Starting with the line that contains "KCLMNOP Dortor Dre", give again exactly and only each line through the end of the records; include the last line and exclude pictures.

Recorded data:

= Beginning of Section =

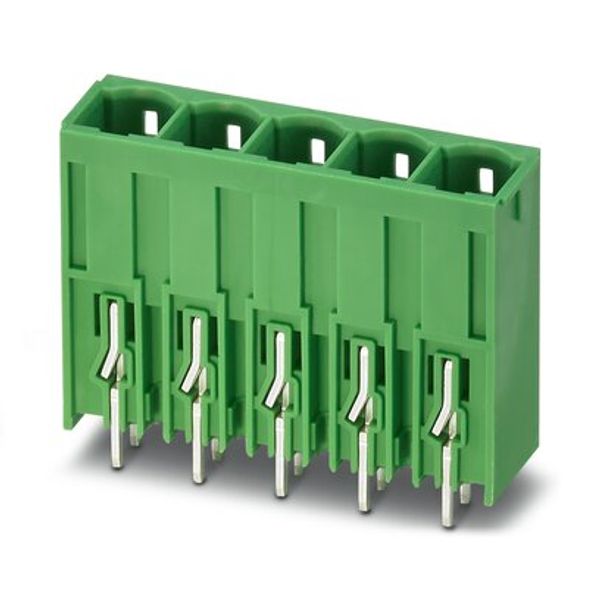 PCB header image 1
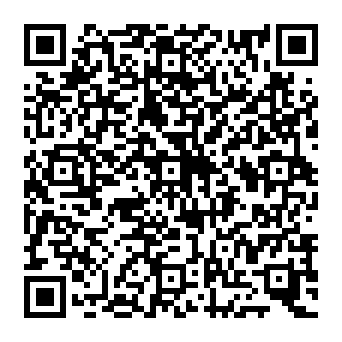 QR f5d1175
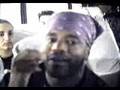 KCLMNOP Dortor Dre Ed Lover T Money Russia Bus Ryde 2 Queen Sister In Da Back
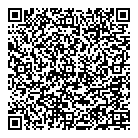 QR код "Ам Cafe"
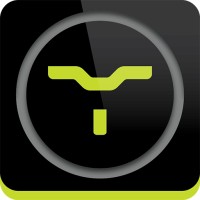 Tazzo-Bikes logo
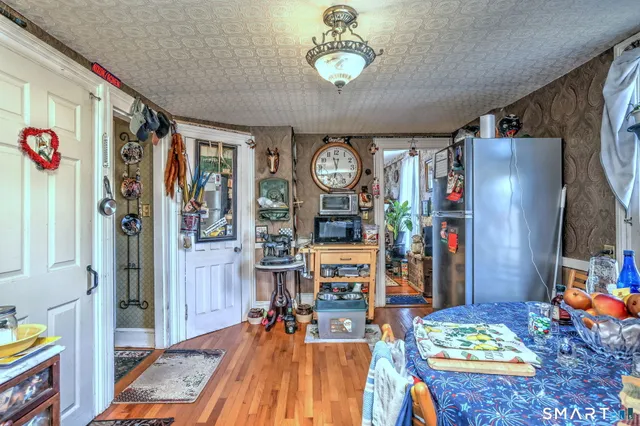 $535,000 | 1596 Main Street, Stratford, CT 06615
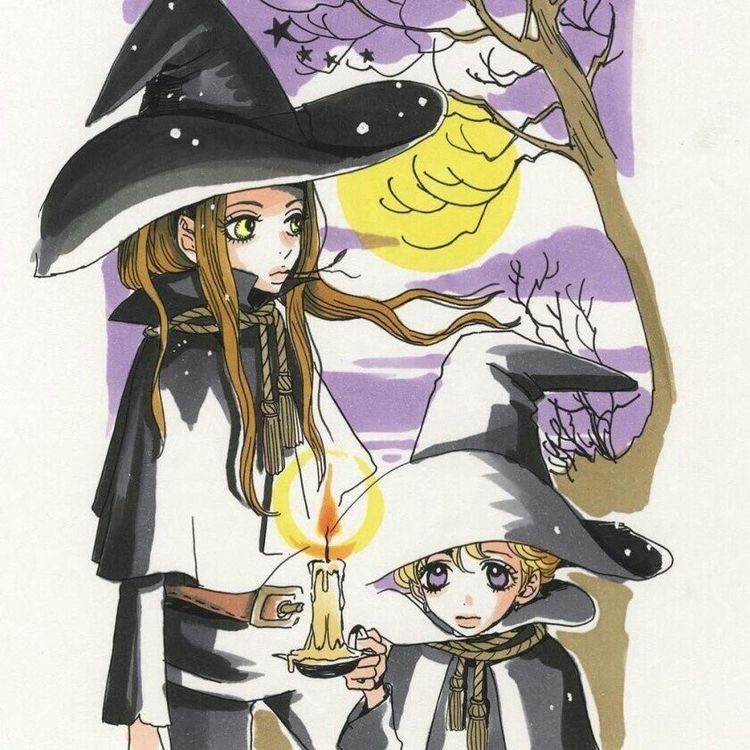 magicaIe's tweet photo. obsessed https://t.co/jSChzG2I2T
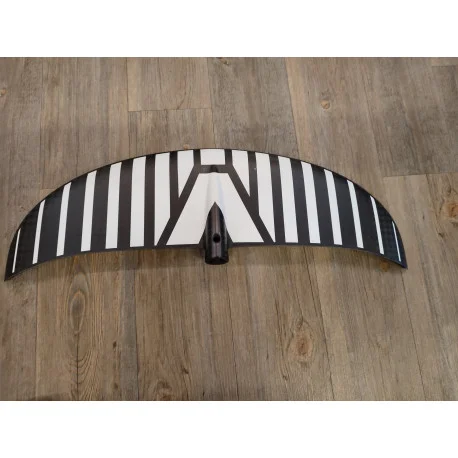 Foil de wingArmstrong AILE AVANT HS1050 20222022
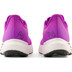 New Balance Fuelcell Rebel V3 Dames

= End of Section =

Final answer:
 KCLMNOP Dortor Dre Ed Lover T Money Russia Bus Ryde 2 Queen Sister In Da Back
 QR код "Ам Cafe"
 Tazzo-Bikes logo
 $535,000 | 1596 Main Street, Stratford, CT 06615
 magicaIe's tweet photo. obsessed https://t.co/jSChzG2I2T
 Foil de wingArmstrong AILE AVANT HS1050 20222022
 New Balance Fuelcell Rebel V3 Dames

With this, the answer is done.